Прохожу в кабину к пилотам. Здесь лучше обзор. Пролетаем над каждым изгибом реки, что дает мне возможность все сложные участки отметить на карте. Пильда расходится на десятки проток, русло которых скрывает мощный полог тайги. На отдельных участках видны крупные завалы. Оборачиваюсь назад. Ребята заняты датчиками. Счастливые, они еще не знают, какой лабиринт нам предстоит пройти.
С вертолетчиками выбираем место для посадки. Четверо человек и около тонны груза остаются на маленьком пятачке мари. Вертолет делает прощальный круг и уходит. Туча кровососов мгновенно облепляет лицо и руки. Несколько неожиданно после шума вертолета, запаха бензина, пыльных улиц города видеть сразу столько комаров, столько тайги и солнца.
За 18 дней маршрута группе предстоит пройти по безлюдной местности 120 километров на плоту и около 20 километров по суше.
Ребята разбивают лагерь, а я начинаю отбирать первые пробы. На грунте — богатейшая фауна. Практически вся верхняя поверхность камней покрыта домиками личинок ручейников, сделанными из крупных песчинок. В каждом домике прячется житель, изредка высовывая наружу крупную коричневую головку. Под камнями скрываются плоские, с тремя длинными хвостовыми нитями личинки поденок. Всю основную часть жизни они проводят в воде и только в самом конце ее вылетают из воды, чтобы за несколько часов дать потомство и погибнуть.
Через некоторое время ко мне присоединяется Сережа Сиротский. Специальными пинцетами среди нитчатых водорослей мы вылавливаем личинки двукрылых комариков. Помещаем их в раствор концентрированной уксусной кислоты с летучим оргсоединением. Такая фиксация в дальнейшем позволит в лаборатории изучить у этих личинок наборы хромосом.

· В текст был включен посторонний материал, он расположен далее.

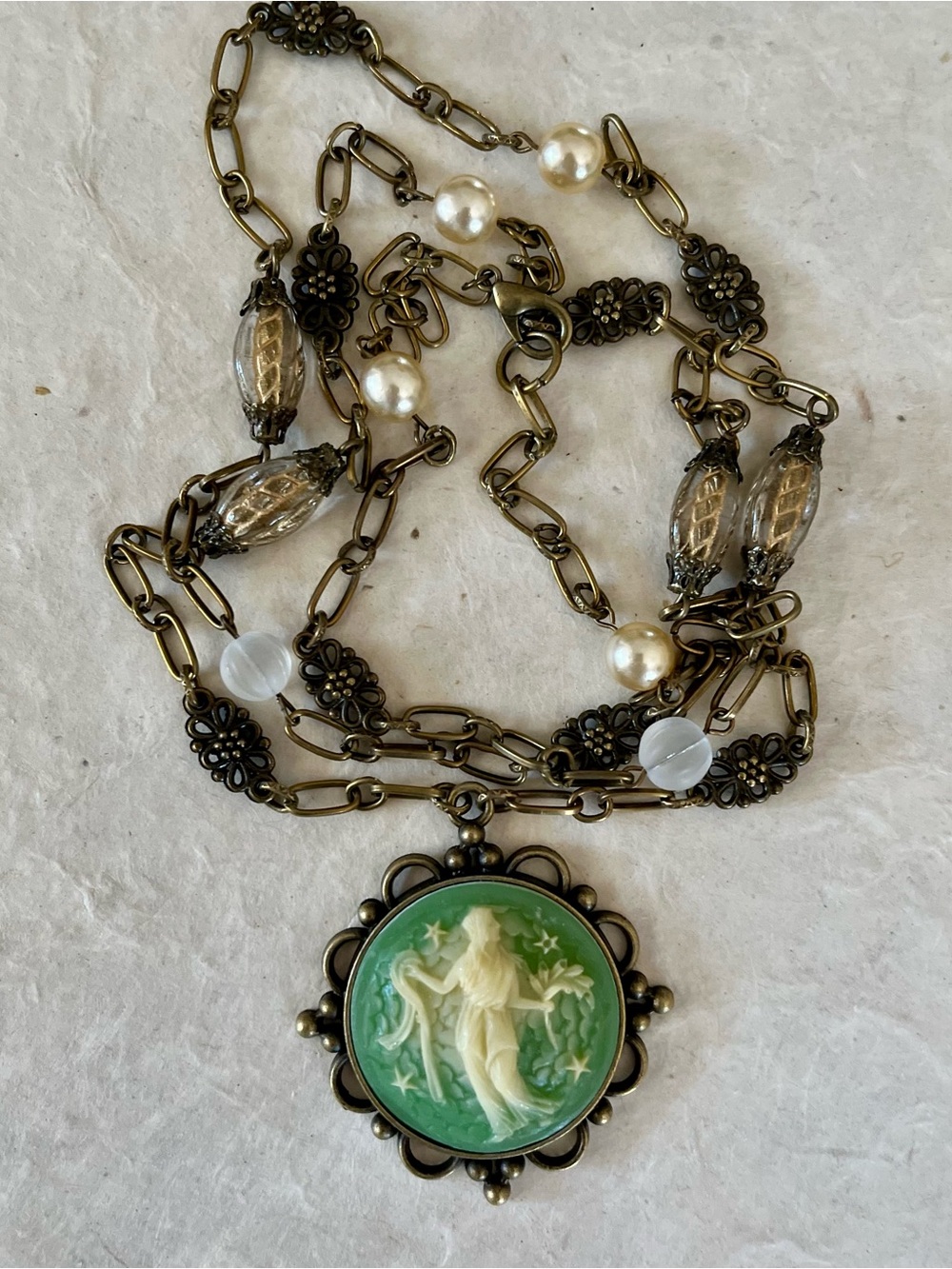 Wedgwood Style Sage Green Vintage 70s Cameo Necklace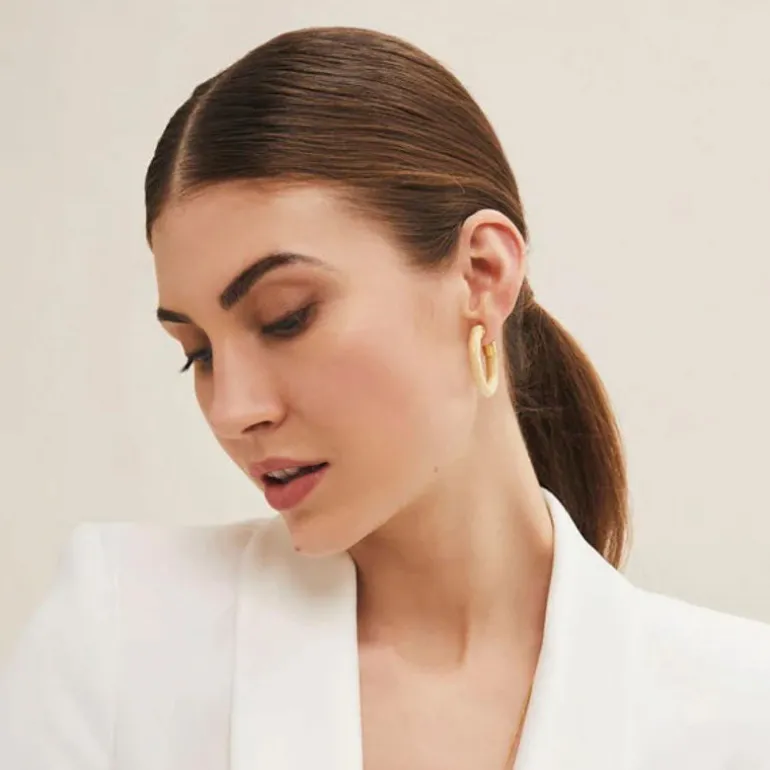 BRANCH JEWELLERY Small White wood Hoop Earrings with Gold Plated Metal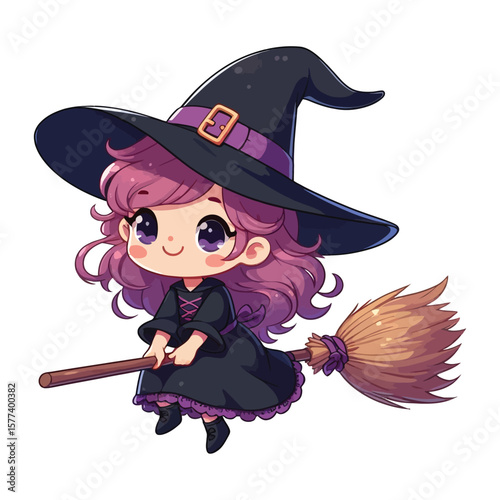 Cute Little Witch Flying On Broom  vector illustration isolated on white background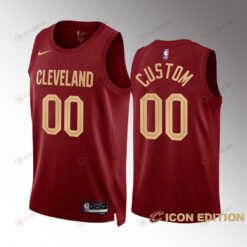 Cleveland Cavaliers Custom 00 2022-23 Icon Edition Wine Jersey Swingman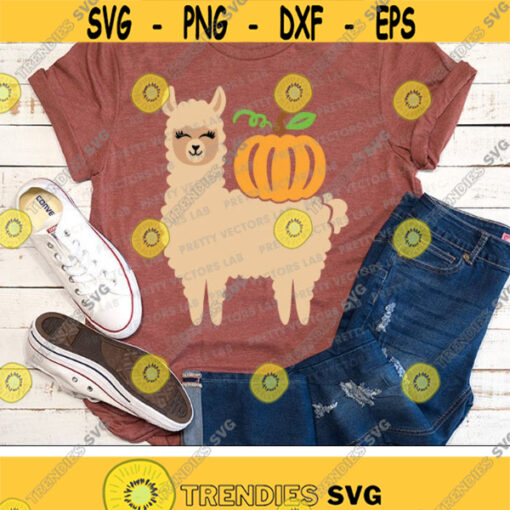 Fall Svg Llama Svg Thanksgiving Llama Svg Dxf Eps Png Cute Fall Cut Files Halloween Clipart Kids Shirt Design Silhouette Cricut Design 1139 .jpg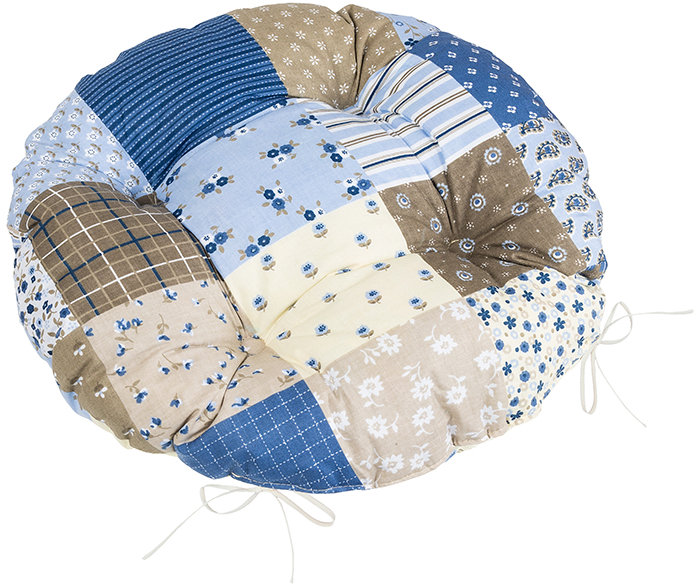 BELLATEX Adela Sedák 62/240 okrúhly prešívaný priem. 40 cm patchwork modrý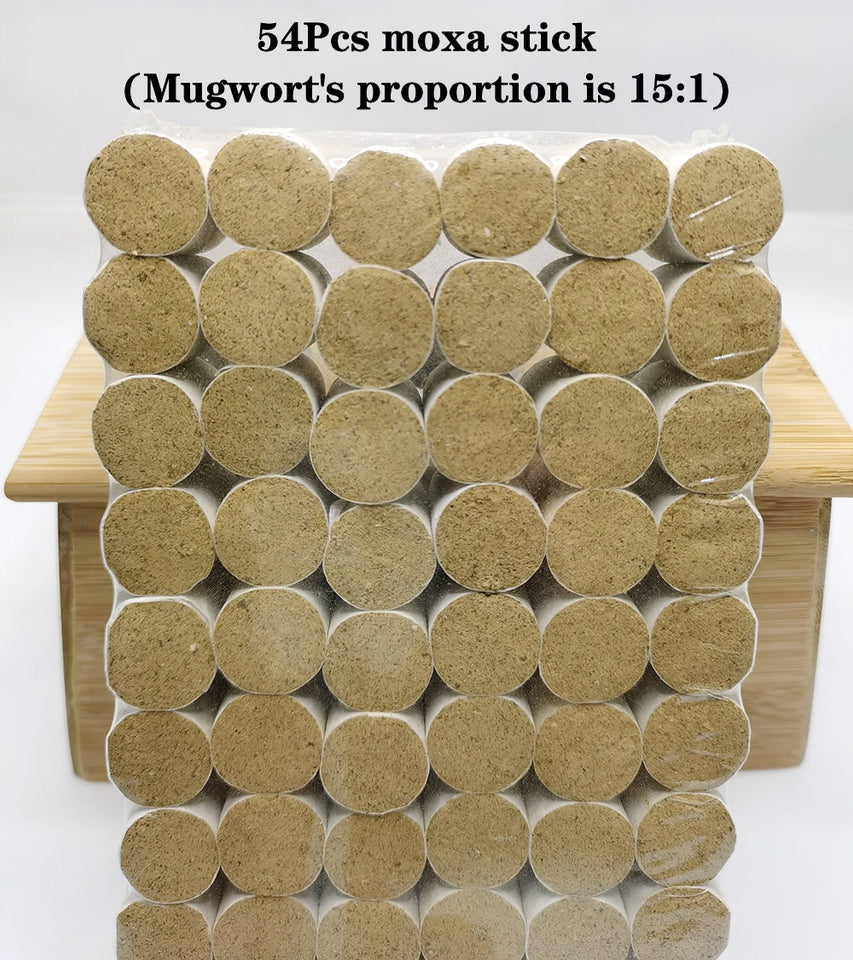 54Pcs Moxibustion Sticks Moxa Rolls Heating Acupunture Therapy Meridian Warm Massage Body Massager Wild Mugwort Argy Wormwood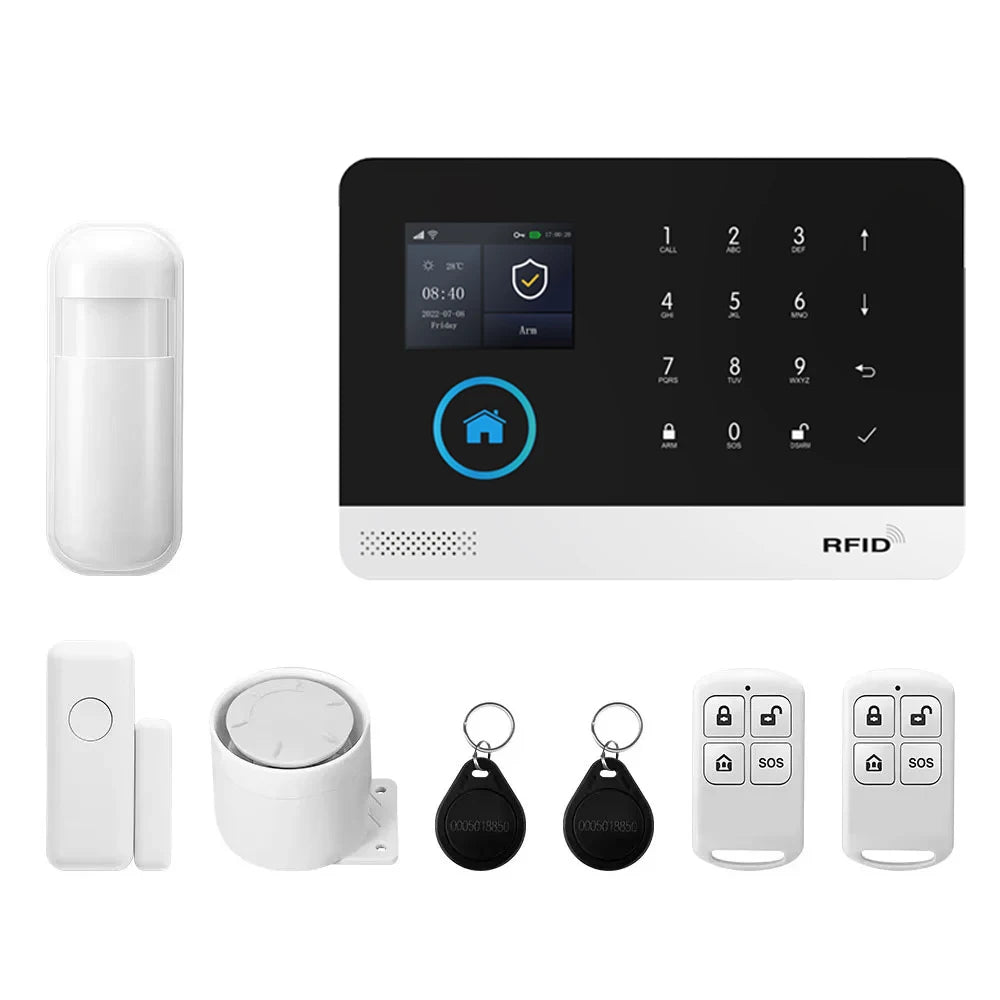 PGST WiFi GSM 2G Tuya Smart Life Home Alarm Security System Kit Alexa Automation Alarm Security Protection Door Motion Detector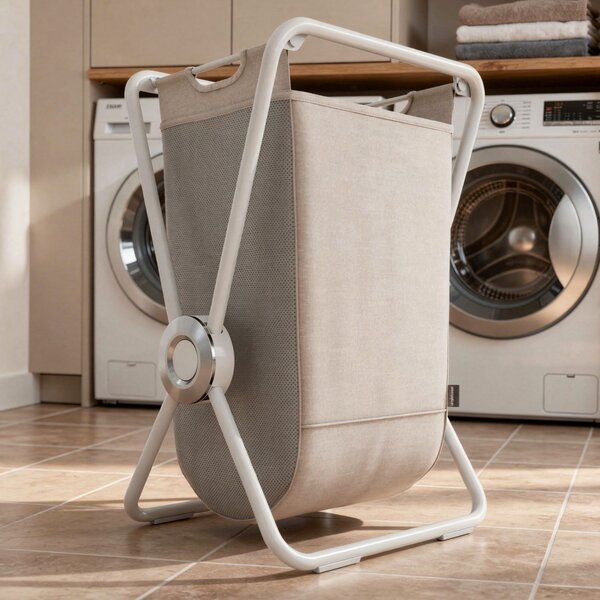 Simplehuman skládací látkový koš na prádlo X-FRAME, bílá ocel, béžový polyester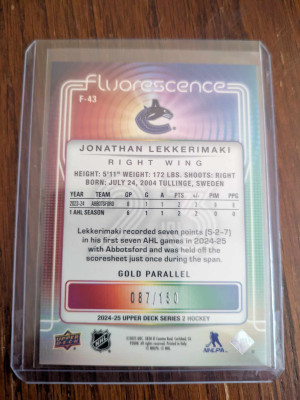 2024-25 Upper Deck Series 2 Jonathan Lekkerimaki Fluorescence Gold
Numbered 87/150 back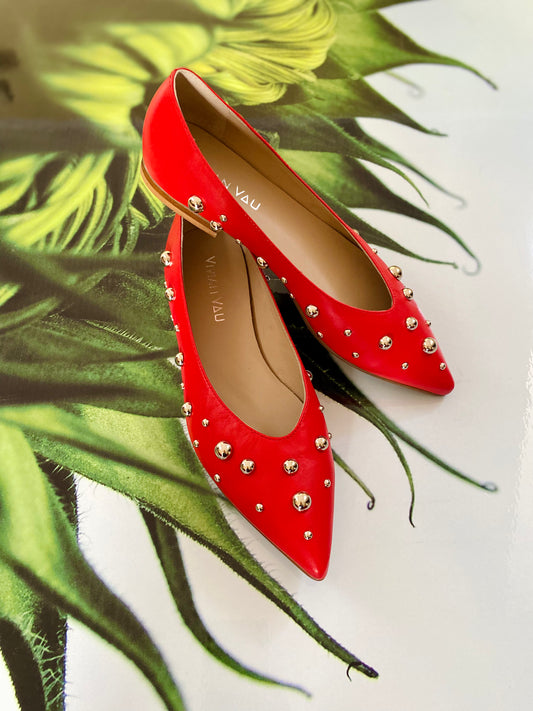 Silver Studded Red Shoes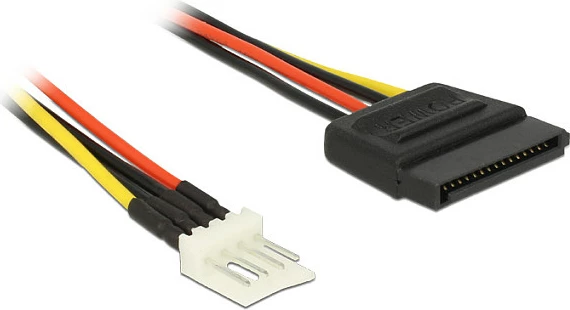 Kabllo adaptuese DeLOCK 4-pin (floppy) në SATA 15-pin, 0.4m, zezë/kuqe/verdhë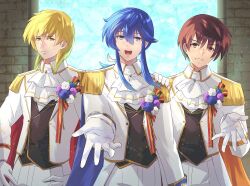 3boys :d alternate_costume ares_(fire_emblem) ascot black_vest blonde_hair blue_cape blue_hair boutonniere brick_wall buttons cape closed_mouth collared_jacket cowboy_shot double-breasted epaulettes fire_emblem fire_emblem:_genealogy_of_the_holy_war fire_emblem_heroes grin hair_between_eyes hair_ribbon hand_on_another&#039;s_shoulder hands_on_own_hips highres jacket leif_(fire_emblem) light_particles long_hair looking_at_viewer low_ponytail male_focus medium_hair multiple_boys nintendo official_alternate_costume open_mouth orange_cape outstretched_arm outstretched_hand pants ponytail red_cape ribbon riou_(pooh920) seliph_(fire_emblem) seliph_(light&#039;s_legacy)_(fire_emblem) short_hair sidelocks smile v-shaped_eyebrows vest white_ascot white_jacket white_pants white_ribbon yellow_eyes
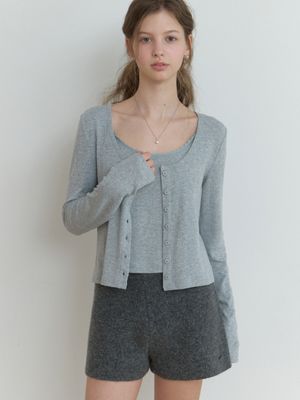 Linn cardigan set_2piece (gray)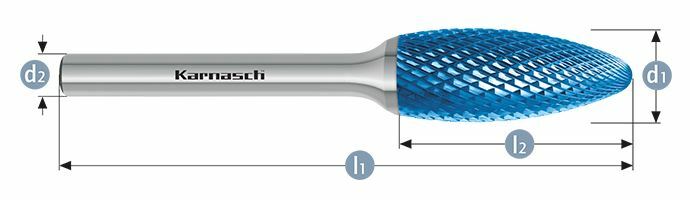 Karnasch HM freesstift Blue-Tec gecoat vlam/ HP-4 d1=16 / l2=36 / d2=6 / l1=82mm Art: 115072035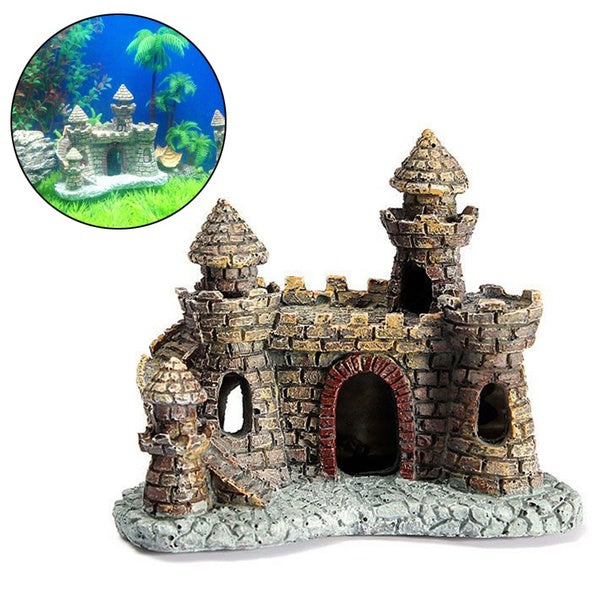 Artificial World of Fish Tanks Stone-island Resin Castle Aquarium Landscape Ornament Aquarium Decorations For The Fish Tank Statue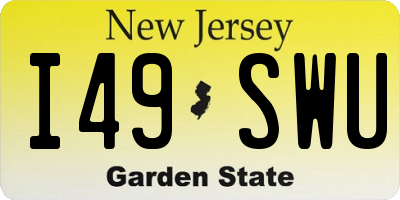 NJ license plate I49SWU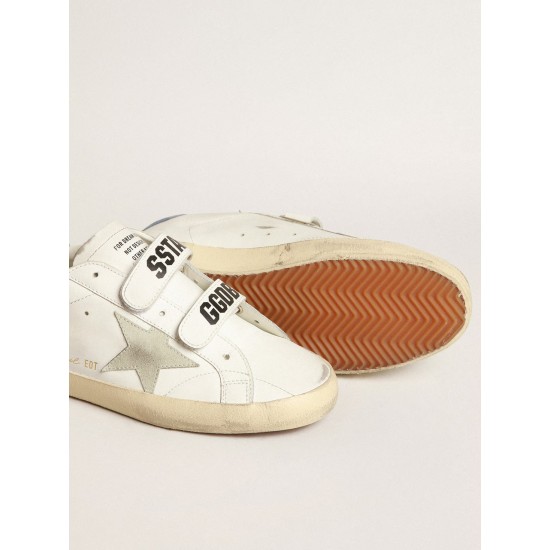 Old School with ice-gray suede star and light blue heel tab Old School with ice-gray suede star and light blue heel tab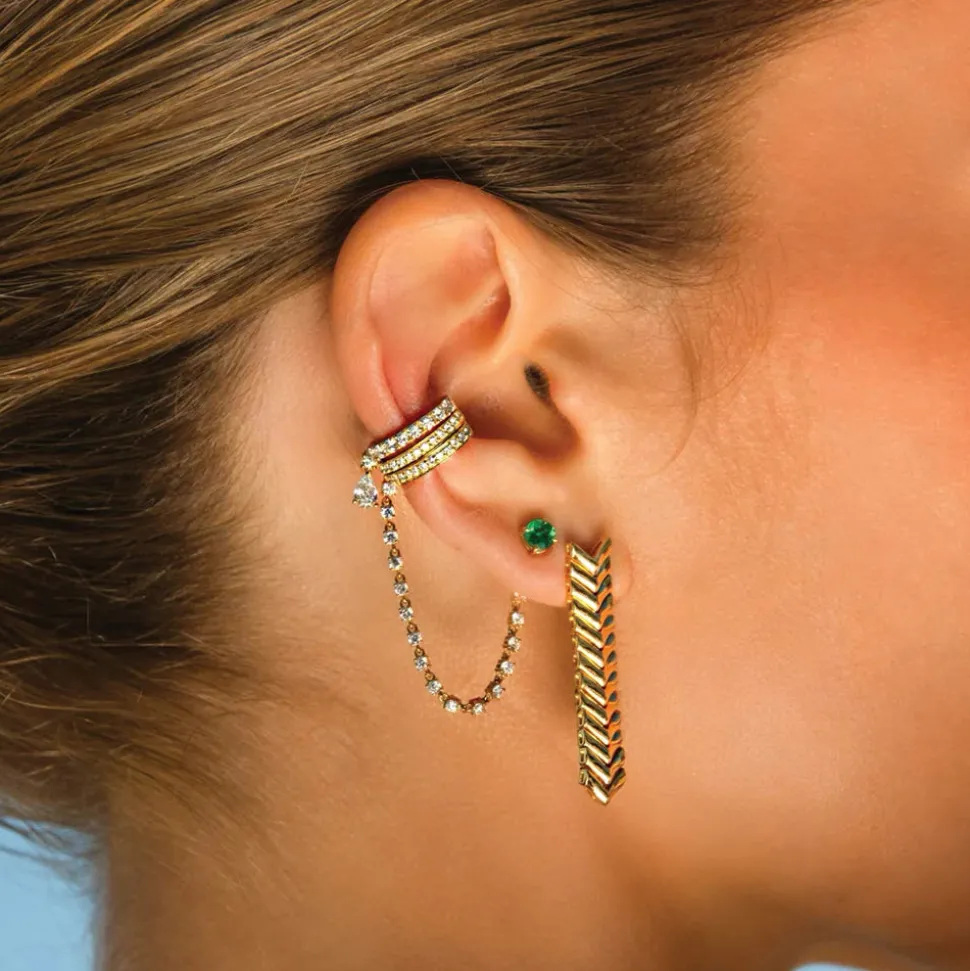 Single Row Diamond Ear Cuff with Diamond Rope Chain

Игорь Штыцко датчиками снимает первые показания, раскладывает на косе реки свое химическое хозяйство. С любовью упакованные бюретки, колбы, пробирки, химреактивы, бутылки с дистиллированной водой. Сейчас он поставит на горящие угли медный таз с кипятком (по-научному — водяная баня), опустит туда колбы с жидкостью и начнет колдовать над определением перманганатной окисляемости, которая позволит судить о количестве органики в потоке. В остальные не загруженные химической деятельностью периоды водяная баня разукомплектовывается, и таз выполняет функции сковородки. А когда-то местные старатели в нем мыли золото.